A word-for-word copy of the entries, with the images left out, is what you should write.

---------- THE RECORDS

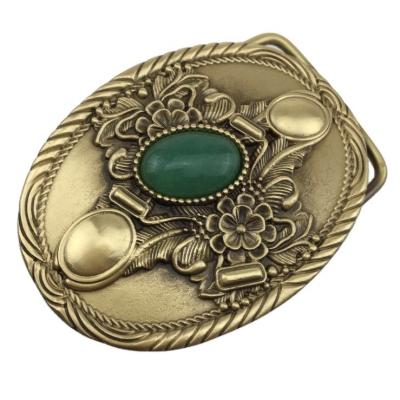 China Duable 40mm Belt Buckle Solid Brass Western Copper Belt Buckle For Belt for sale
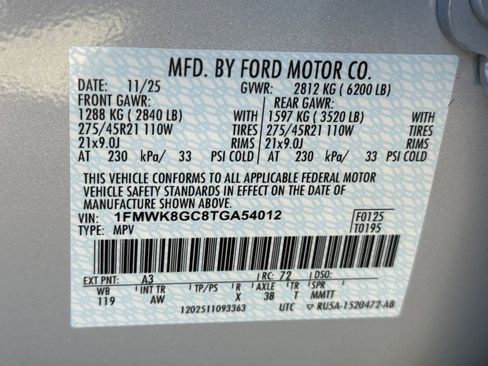 New 2026 Ford Explorer ST w/ Sun And Sound Package image 24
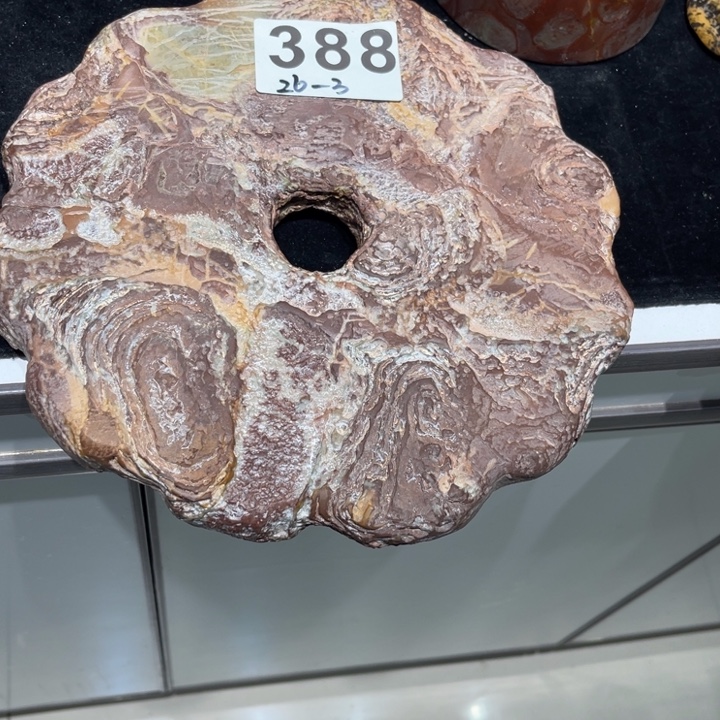 用***9紫砂灵璧石彩色壶承壶承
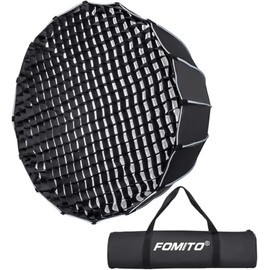 Parabolic Softbox 35.4 inch/90cm Quick Setup Deep Soft Box II with Honeycomb Grid and Bowens Mount for Studio Monolight LED Light Photography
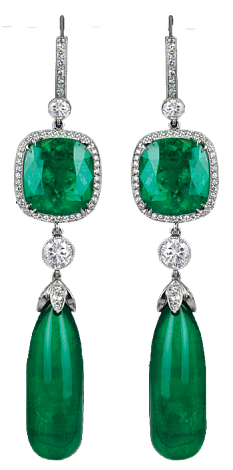 Jacob & Co. Jewelry High Jewelry Emerald Drop Earrings 91224396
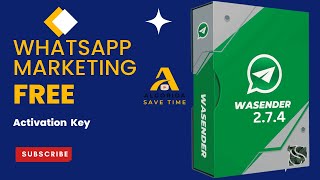 WA SENDER Latest 276  Free Whatsapp Marketing Tool  WASender with activation key [upl. by Rehsa]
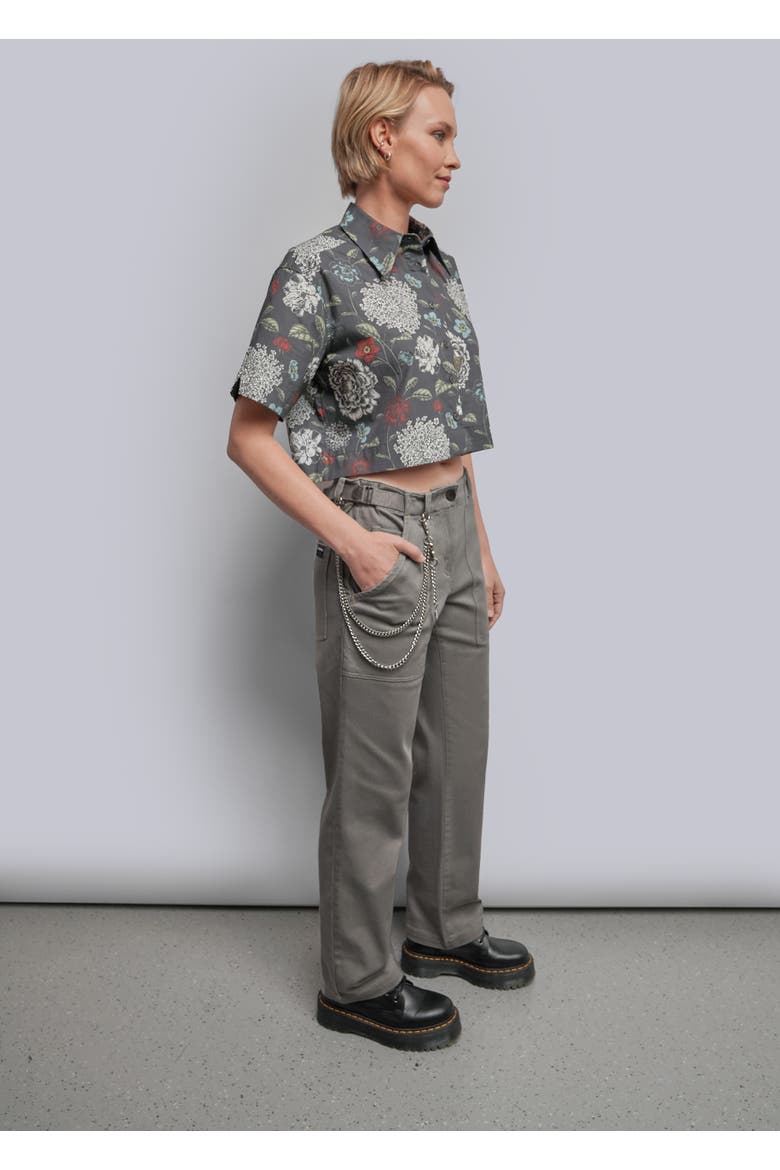 The Essential Denim Utility Pant, Alternate, color, GREY
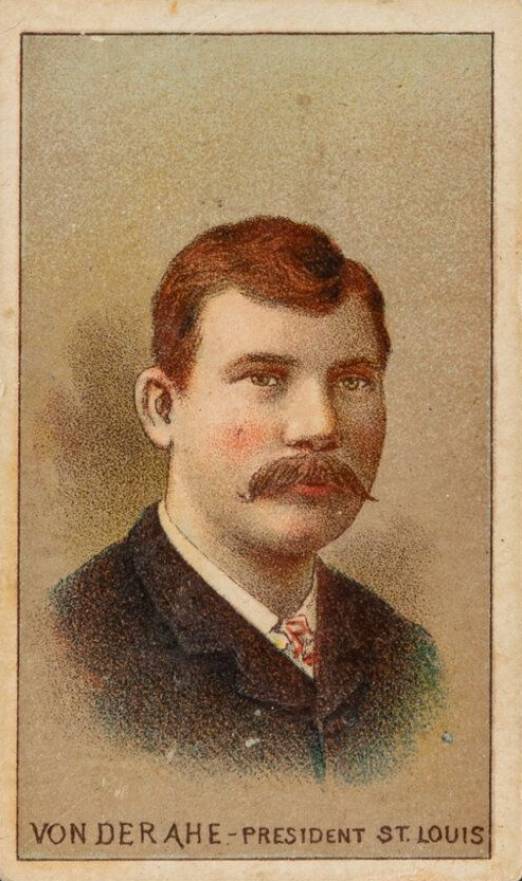 1887 Buchner Gold Coin Von Der Ahe # Baseball Card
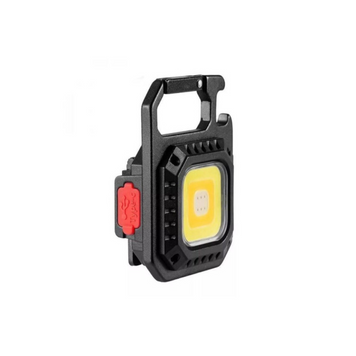 Акумуляторний LED ліхтарик RB 439 W5130 з Type-C (7 режимів, карабін, магніт) MB-89106 фото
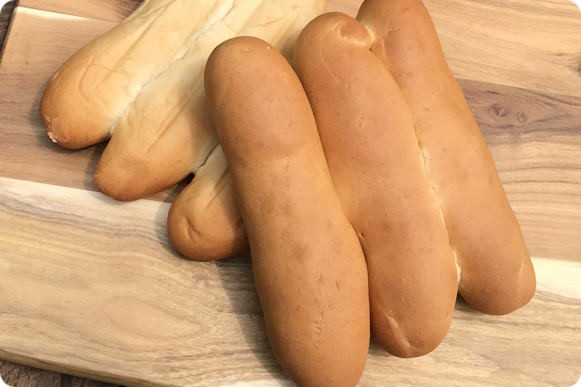 Home Style Spelt Hot Dog Buns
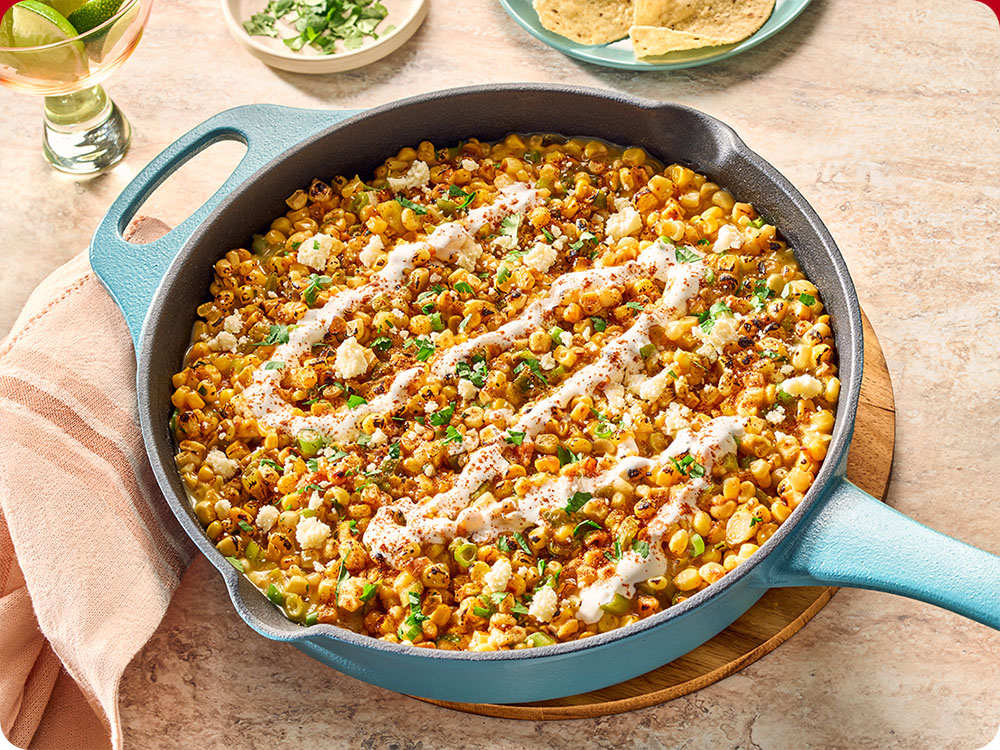 Easy Mexican Street Corn Skillet Dip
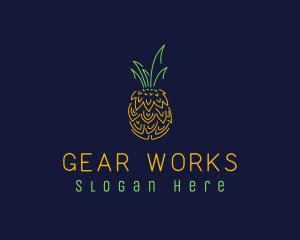 Sweet Pineapple Fruit  logo design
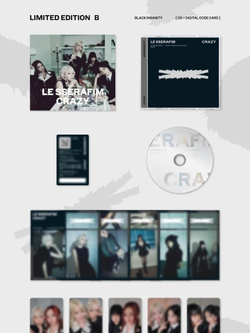 Альбом LE SSERAFIM - CRAZY JAPAN 3rd Single LIMITED B Version
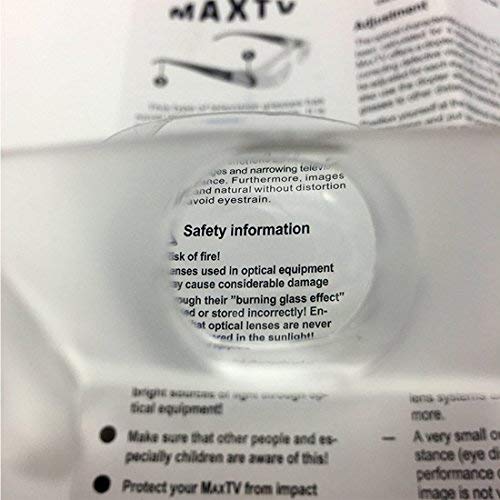 Television TV Glasses Magnifier Lens Loupe 0-300 Degree Goggles Portable Lupa Lupas De Aumento 2.1X Myopia Magnifying Glass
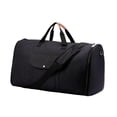 thumbnail image 3 of Bolsa de lona, ​​bolsa de viaje, bolsa de ropa Convertible para llevar, correa ajustable, bolso grande de hombro impermeable, bolsa de traje portátil Negro, 3 of 8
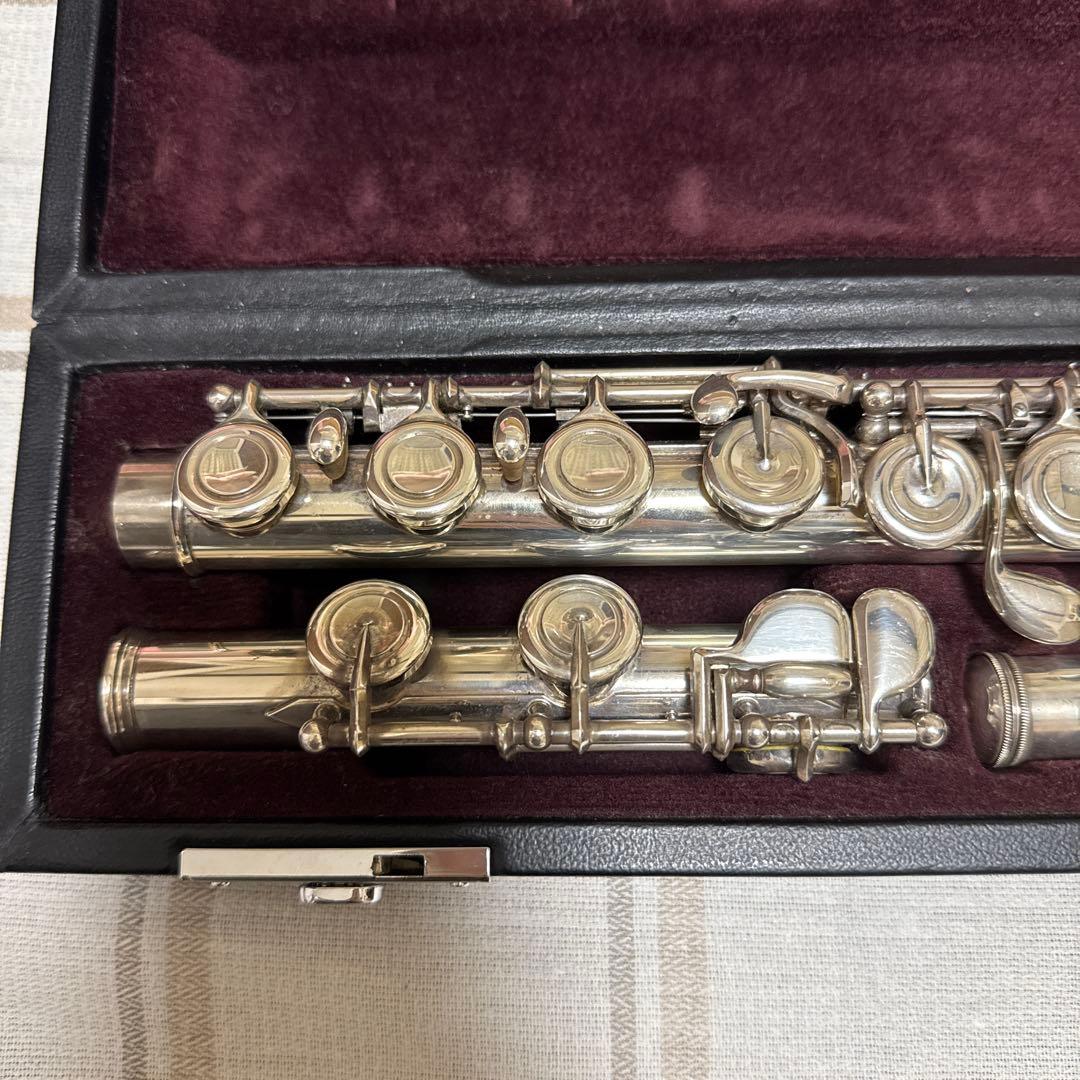 YAMAHA YFL-517フルート　頭部菅銀製フルート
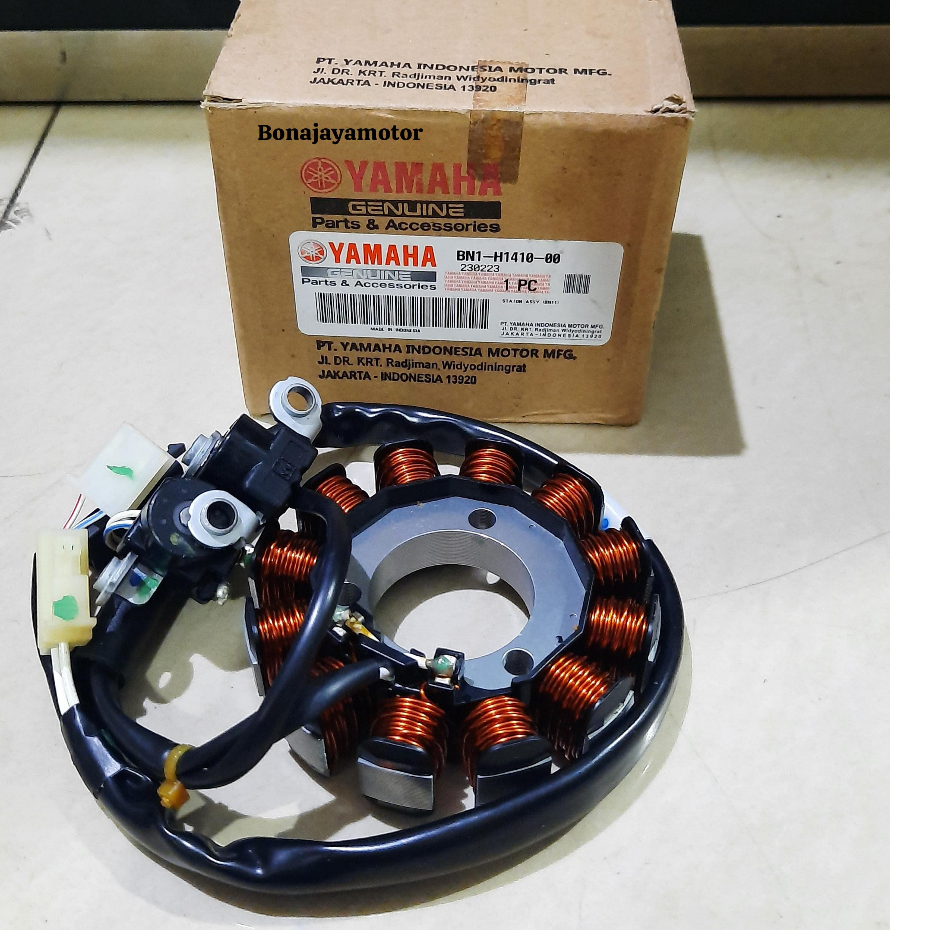 SPULL ASSY/STATOR ASSY MIO 125,FINO 125 ASLI YAMAHA BN1-H1410-00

--------------------

--- EXERCISE RESPONSE ---
 China Duable 40mm Belt Buckle Solid Brass Western Copper Belt Buckle For Belt for sale
 New 2026 Ford Explorer ST w/ Sun And Sound Package image 24
 用***9紫砂灵璧石彩色壶承壶承
 Parabolic Softbox 35.4 inch/90cm Quick Setup Deep Soft Box II with Honeycomb Grid and Bowens Mount for Studio Monolight LED Light Photography
 Jacob & Co. Jewelry High Jewelry Emerald Drop Earrings 91224396
 WA SENDER Latest 276  Free Whatsapp Marketing Tool  WASender with activation key [upl. by Rehsa]
 The Essential Denim Utility Pant, Alternate, color, GREY
 1887 Buchner Gold Coin Von Der Ahe # Baseball Card
 Акумуляторний LED ліхтарик RB 439 W5130 з Type-C (7 режимів, карабін, магніт) MB-89106 фото
 Home Style Spelt Hot Dog Buns
 Easy Mexican Street Corn Skillet Dip
 Sweet Pineapple Fruit  logo design
 Альбом LE SSERAFIM - CRAZY JAPAN 3rd Single LIMITED B Version
 Television TV Glasses Magnifier Lens Loupe 0-300 Degree Goggles Portable Lupa Lupas De Aumento 2.1X Myopia Magnifying Glass
 thumbnail image 3 of Bolsa de lona, ​​bolsa de viaje, bolsa de ropa Convertible para llevar, correa ajustable, bolso grande de hombro impermeable, bolsa de traje portátil Negro, 3 of 8
 YAMAHA YFL-517フルート　頭部菅銀製フルート
 SPULL ASSY/STATOR ASSY MIO 125,FINO 125 ASLI YAMAHA BN1-H1410-00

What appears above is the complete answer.